Dataset records:
#####
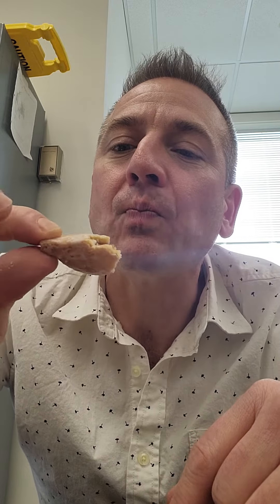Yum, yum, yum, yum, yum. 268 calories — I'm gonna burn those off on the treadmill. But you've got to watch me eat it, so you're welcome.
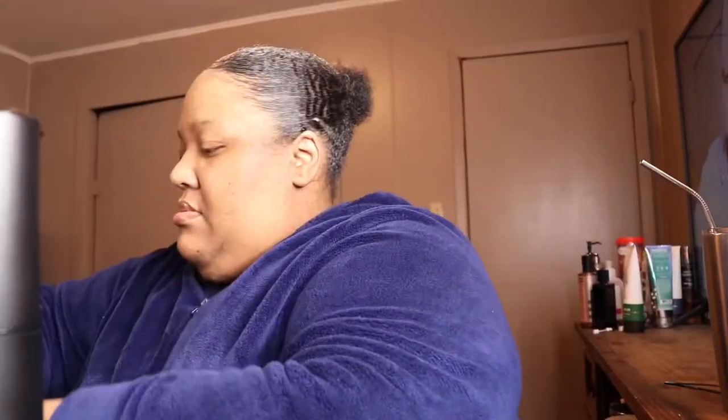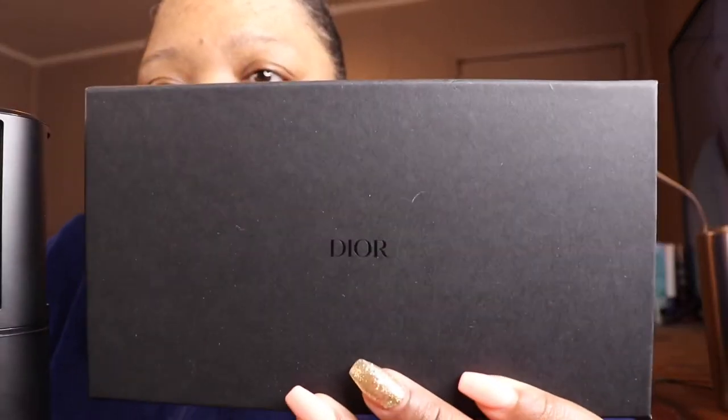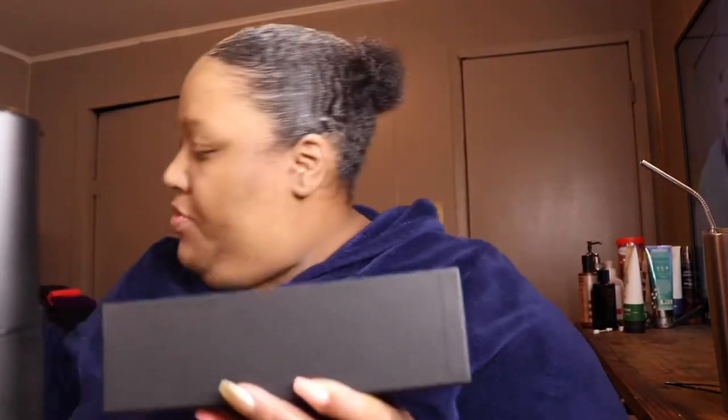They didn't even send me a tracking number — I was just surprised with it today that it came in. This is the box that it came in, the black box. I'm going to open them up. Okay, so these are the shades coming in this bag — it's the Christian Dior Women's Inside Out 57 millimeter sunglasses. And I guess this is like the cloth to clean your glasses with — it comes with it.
#####
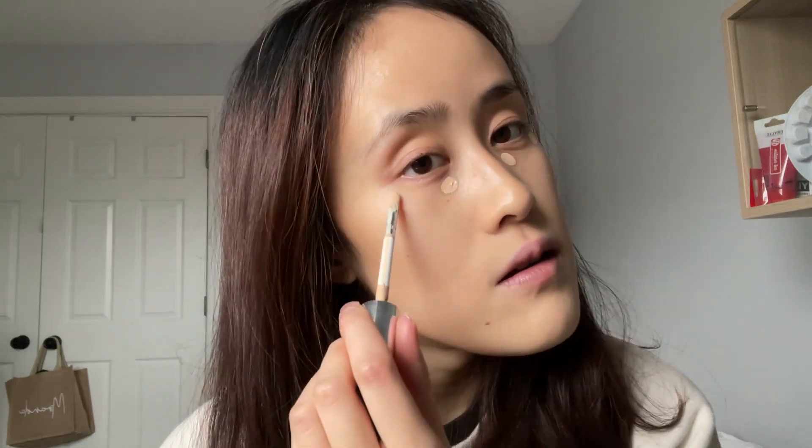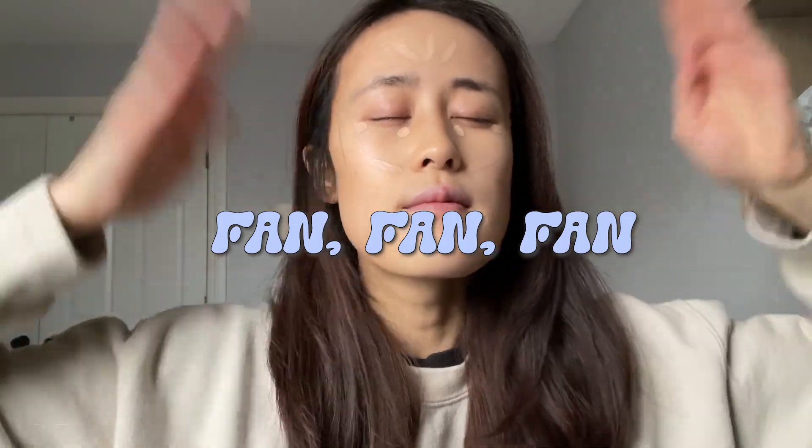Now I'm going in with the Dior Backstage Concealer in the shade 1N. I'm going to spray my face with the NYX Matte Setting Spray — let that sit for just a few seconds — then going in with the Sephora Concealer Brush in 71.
#####
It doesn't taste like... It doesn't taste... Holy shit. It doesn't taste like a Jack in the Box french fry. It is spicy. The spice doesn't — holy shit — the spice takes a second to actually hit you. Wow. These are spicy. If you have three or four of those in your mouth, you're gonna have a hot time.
#####
Exercise objective: Copy nothing but the lines above that run from the one with "Yum, yum, yum, yum, yum." to the one with "They didn't even", ends included; pictures stay out.

Solved problem:
Yum, yum, yum, yum, yum. 268 calories — I'm gonna burn those off on the treadmill. But you've got to watch me eat it, so you're welcome.
They didn't even send me a tracking number — I was just surprised with it today that it came in. This is the box that it came in, the black box. I'm going to open them up. Okay, so these are the shades coming in this bag — it's the Christian Dior Women's Inside Out 57 millimeter sunglasses. And I guess this is like the cloth to clean your glasses with — it comes with it.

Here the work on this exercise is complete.